Geometrically, if $$n$$ is an even number then Simpson's Estimate gives the area under the parabolas defined by connecting three adjacent points. Let $$n$$ be even then using the even subscripted $$x$$ values for the trapezoidal estimate and the midpoint estimate, gives

\begin{align} S(n) &= \dfrac{1}{3}\Big[\dfrac{(b-a)}{2n} \big( f(x_0) +2f(x_2) +...+ f(x_{2n-2}) +f(x_{2n}) \big)\Big] \\ &\;\;\; + \dfrac{2}{3}\Big[\dfrac{b-a}{n}\big( f(x_1)f(x_3)+f(x_5)+...+f(x_{2n-1}) \big) \Big] \\ &= \dfrac{b-a}{3n}\Big(f(x_0)+4f(x_1)+2f(x_2)+4f(x_3)+2f(x_4)+4f(x_5)+...+2f(x_{n-2})+4f(x_{n-1})+f(x_n) \Big) \end{align}

Notice the
1 2 4 2 4 ... 2 4 2 4 1
pattern.

Example $$\PageIndex{3}$$: Simpson's Approximation

Use Simpson's Approximation with $$n = 6$$ to approximate  $\int_1^4 \dfrac{1}{1+x^3} dx$

Solution

The key values of $$x$$ are

$$x_0 = 1$$,     $$x_1 = 1.5$$,     $$x_2 = 2$$,     $$x_3 = 2.5$$,     $$x_4 = 3$$,     $$x_5 = 3.5$$,     $$x_6 = 4$$

and the function values are

$$f(x_0) = 0.5$$,     $$f(x_1) = 0.2286$$,      $$f(x_2) = 0.1111$$,

$$f(x_3) = 0.0602$$,      $$f(x_4) = 0.0357$$,      $$f(x_5) = 0.0228$$,      $$f(x_6) = 0.0154$$.

Now we can put these numbers into the Simpson's approximation formula.

$S(n) = \dfrac{4 - 1}{3(6)} \left(0.5 + 4(0.2286) + 2(0.1111) + 4(0.0602) + 2(0.0357) + 4(0.0228) + 0.0154 \right)$

$= 0.3426.$

Exercise $$\PageIndex{3}$$: Simpson's Approximation

Use Simpson's approximation  with $$n = 4$$ to approximate

$\int _2^18 \dfrac{1}{x}\,dx.$

### Error in Simpson's Estimate

Without proof, we state

Let

$M = \text{max} |f''''(x)|$

and let $$E_S$$ be the error in using Simpson's estimate.
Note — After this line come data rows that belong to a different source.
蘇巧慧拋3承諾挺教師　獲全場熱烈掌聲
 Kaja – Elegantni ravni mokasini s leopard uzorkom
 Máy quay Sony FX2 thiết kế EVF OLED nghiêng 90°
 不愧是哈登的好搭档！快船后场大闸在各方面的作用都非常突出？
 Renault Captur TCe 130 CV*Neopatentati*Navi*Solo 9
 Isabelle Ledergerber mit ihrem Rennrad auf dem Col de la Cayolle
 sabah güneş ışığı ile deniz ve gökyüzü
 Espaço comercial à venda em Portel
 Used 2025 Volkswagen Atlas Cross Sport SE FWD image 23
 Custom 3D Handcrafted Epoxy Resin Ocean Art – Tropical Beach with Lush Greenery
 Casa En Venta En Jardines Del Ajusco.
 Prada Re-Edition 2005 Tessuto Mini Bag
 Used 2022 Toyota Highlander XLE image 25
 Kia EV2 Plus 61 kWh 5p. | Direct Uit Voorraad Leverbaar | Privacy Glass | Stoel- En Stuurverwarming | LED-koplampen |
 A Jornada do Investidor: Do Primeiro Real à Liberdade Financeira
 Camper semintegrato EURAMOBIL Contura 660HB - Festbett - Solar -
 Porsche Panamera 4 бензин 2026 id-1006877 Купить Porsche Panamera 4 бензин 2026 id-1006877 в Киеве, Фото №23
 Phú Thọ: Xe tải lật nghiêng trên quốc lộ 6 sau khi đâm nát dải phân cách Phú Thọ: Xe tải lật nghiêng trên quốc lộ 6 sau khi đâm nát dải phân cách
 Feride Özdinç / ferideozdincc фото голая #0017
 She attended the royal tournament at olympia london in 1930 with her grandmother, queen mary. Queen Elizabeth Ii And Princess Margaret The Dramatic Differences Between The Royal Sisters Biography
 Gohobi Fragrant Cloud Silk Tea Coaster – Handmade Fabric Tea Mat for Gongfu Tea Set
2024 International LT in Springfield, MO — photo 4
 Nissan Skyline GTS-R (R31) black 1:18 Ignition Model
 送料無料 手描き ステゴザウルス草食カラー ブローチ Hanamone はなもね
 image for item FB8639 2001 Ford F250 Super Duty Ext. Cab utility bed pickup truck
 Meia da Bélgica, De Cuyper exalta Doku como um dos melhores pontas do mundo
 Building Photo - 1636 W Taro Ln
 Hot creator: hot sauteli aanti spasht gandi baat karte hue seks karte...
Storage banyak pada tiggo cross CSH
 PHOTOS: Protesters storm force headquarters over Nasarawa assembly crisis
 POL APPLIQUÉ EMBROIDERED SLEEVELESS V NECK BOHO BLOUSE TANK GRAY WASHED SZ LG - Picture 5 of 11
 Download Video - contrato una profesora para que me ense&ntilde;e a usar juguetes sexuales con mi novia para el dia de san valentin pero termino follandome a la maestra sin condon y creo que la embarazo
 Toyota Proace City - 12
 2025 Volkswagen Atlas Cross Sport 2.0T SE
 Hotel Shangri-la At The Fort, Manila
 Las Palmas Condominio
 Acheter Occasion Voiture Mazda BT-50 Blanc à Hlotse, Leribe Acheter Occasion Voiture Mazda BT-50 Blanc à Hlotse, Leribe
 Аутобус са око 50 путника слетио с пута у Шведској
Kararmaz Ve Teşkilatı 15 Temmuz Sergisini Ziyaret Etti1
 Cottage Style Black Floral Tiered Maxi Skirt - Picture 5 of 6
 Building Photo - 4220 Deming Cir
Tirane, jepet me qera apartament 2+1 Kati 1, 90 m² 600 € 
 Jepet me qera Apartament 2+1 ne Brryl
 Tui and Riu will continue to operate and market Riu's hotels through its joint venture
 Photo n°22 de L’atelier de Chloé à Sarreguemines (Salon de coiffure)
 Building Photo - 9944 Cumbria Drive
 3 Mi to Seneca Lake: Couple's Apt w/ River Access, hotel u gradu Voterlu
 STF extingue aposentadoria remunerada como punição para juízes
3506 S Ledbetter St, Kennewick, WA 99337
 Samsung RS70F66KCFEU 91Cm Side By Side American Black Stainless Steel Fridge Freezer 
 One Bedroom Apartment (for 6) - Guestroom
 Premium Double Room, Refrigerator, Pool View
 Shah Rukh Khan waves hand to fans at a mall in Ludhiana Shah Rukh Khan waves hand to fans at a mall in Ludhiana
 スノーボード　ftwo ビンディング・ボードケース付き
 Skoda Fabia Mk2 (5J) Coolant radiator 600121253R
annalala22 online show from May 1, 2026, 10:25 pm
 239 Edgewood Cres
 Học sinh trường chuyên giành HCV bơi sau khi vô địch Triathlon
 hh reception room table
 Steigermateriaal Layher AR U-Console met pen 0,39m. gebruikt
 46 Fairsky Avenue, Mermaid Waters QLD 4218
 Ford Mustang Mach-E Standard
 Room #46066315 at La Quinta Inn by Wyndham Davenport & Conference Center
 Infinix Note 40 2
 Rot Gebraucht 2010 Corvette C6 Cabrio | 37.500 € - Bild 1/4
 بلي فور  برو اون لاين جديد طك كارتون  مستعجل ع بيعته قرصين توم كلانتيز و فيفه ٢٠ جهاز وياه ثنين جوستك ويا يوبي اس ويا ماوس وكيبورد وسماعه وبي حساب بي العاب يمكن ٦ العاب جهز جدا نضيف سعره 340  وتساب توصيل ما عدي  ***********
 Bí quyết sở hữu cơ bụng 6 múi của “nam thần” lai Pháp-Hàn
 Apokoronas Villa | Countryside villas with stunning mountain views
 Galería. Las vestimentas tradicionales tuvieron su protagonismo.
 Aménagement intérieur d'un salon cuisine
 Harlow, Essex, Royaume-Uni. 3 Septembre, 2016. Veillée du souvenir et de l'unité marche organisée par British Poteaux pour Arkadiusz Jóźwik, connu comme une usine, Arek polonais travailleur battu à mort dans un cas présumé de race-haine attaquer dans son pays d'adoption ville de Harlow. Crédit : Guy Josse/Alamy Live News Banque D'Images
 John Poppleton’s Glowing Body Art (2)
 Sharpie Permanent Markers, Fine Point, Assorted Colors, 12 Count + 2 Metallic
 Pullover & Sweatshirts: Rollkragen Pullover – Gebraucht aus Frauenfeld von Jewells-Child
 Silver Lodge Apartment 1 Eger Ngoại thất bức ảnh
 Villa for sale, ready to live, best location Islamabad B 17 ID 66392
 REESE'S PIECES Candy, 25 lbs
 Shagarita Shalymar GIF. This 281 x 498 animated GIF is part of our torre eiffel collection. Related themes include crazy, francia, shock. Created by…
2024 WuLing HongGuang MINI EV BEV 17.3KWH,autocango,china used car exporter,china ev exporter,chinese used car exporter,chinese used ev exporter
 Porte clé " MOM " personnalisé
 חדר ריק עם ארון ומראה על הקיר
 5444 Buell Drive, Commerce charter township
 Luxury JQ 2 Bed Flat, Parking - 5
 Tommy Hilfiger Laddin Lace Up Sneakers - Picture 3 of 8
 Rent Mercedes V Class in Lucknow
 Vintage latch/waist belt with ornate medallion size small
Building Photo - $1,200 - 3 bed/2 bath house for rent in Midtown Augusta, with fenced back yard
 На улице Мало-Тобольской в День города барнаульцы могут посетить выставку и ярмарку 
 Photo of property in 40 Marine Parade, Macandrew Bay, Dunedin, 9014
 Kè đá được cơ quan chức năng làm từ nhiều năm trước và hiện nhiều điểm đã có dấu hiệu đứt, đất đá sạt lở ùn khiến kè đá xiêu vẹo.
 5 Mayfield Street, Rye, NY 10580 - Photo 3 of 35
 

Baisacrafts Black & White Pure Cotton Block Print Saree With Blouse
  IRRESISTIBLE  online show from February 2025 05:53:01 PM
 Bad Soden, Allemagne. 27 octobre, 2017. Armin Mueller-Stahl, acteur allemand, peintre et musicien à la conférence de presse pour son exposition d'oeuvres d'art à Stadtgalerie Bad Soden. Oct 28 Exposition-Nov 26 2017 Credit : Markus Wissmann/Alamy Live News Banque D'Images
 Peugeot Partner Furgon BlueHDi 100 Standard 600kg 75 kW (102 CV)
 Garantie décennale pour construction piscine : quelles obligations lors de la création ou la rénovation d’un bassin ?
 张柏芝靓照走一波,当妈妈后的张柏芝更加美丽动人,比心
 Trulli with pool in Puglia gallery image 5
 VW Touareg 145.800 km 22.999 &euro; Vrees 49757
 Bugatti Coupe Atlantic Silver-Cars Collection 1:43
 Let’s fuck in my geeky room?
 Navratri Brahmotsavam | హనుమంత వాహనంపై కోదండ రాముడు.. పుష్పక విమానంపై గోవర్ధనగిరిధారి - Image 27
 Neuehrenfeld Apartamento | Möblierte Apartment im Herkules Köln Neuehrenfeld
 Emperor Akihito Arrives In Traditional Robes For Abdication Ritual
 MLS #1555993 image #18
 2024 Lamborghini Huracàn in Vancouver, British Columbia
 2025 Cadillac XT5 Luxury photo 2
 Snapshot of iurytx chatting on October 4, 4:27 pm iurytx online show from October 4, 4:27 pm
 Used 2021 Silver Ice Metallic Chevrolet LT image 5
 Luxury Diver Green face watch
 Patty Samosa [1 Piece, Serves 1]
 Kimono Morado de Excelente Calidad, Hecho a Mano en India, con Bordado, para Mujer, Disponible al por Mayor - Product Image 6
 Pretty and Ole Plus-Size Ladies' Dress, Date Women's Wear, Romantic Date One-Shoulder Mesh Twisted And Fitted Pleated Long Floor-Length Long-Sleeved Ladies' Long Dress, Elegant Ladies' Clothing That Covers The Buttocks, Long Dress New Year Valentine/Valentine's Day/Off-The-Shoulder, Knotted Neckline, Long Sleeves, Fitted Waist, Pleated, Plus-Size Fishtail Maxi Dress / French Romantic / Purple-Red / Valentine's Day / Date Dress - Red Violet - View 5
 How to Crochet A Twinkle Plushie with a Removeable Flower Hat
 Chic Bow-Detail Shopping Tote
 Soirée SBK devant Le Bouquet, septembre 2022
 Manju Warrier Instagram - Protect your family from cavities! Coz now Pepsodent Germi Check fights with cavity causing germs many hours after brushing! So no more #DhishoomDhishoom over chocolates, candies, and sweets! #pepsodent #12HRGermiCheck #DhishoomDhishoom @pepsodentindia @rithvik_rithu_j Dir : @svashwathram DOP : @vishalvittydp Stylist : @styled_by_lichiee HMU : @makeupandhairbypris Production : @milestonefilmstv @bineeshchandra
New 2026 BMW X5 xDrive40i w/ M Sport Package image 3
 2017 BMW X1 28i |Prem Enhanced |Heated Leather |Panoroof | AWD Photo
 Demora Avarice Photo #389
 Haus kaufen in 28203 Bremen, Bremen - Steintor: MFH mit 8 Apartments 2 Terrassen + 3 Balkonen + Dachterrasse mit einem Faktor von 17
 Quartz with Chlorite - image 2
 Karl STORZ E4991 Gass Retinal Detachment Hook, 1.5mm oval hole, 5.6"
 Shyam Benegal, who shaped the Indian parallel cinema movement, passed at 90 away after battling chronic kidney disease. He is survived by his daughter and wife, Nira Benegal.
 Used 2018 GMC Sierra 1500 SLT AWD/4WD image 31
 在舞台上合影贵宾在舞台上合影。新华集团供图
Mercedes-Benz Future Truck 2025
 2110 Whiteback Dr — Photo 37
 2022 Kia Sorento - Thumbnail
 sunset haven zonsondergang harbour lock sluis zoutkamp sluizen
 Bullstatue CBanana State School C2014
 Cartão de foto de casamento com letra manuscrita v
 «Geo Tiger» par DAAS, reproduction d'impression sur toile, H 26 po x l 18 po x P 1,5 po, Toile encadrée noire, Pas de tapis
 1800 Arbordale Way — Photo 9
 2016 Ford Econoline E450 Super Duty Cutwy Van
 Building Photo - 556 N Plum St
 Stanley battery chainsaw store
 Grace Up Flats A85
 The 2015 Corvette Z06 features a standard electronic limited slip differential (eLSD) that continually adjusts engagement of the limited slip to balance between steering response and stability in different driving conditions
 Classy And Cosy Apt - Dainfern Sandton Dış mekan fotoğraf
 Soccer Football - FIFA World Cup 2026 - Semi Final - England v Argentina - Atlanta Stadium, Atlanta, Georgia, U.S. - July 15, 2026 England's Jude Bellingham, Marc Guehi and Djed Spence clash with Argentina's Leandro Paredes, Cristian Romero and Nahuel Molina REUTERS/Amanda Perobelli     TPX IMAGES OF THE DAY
Then

$|E_S| \le \dfrac{M(b - a)^5 }{180n^4}.$

Example $$\PageIndex{4}$$:

Determine the value of n that will approximate

$\int _1^3 \dfrac{1}{x} dx$

within two decimal places of accuracy.

Solution

We need to have an error less than 0.005:

$|E_S| < 0.005.$

We have

$b - a = 3 - 1 = 2.$

We take derivatives to compute $$M$$:

$f(x) = \dfrac{1}{x}$

$f '(x) = \dfrac{-1}{x^2}$

$f ''(x) = \dfrac{2}{x^3}$

$f'''(x) = \dfrac{-6}{x^4}$

$f''''(x) = \dfrac{24}{x^5}.$

We see that the maximum value of this function between 1 and 3 occurs when $$x = 1$$:

$M = |24/1^5| = 24 .$

We put this together to get

$\dfrac{(24)(2^5)}{180n^4} < 0.005.$

Multiplying by the denominator gives

$768 < 0.9 n^4$

or

$853.33 < n^4.$

Taking fourth roots gives

$n > 5.4.$

Hence, if we choose $$n = 6$$ we are guaranteed two decimals of accuracy.

Exercise $$\PageIndex{4}$$:

If you want to approximate

$\int _0 ^1 \cos \,x \, dx$

with $$n = 5$$, determine the maximum errors that occur using the midpoint, the trapezoidal, and Simpson's approximation.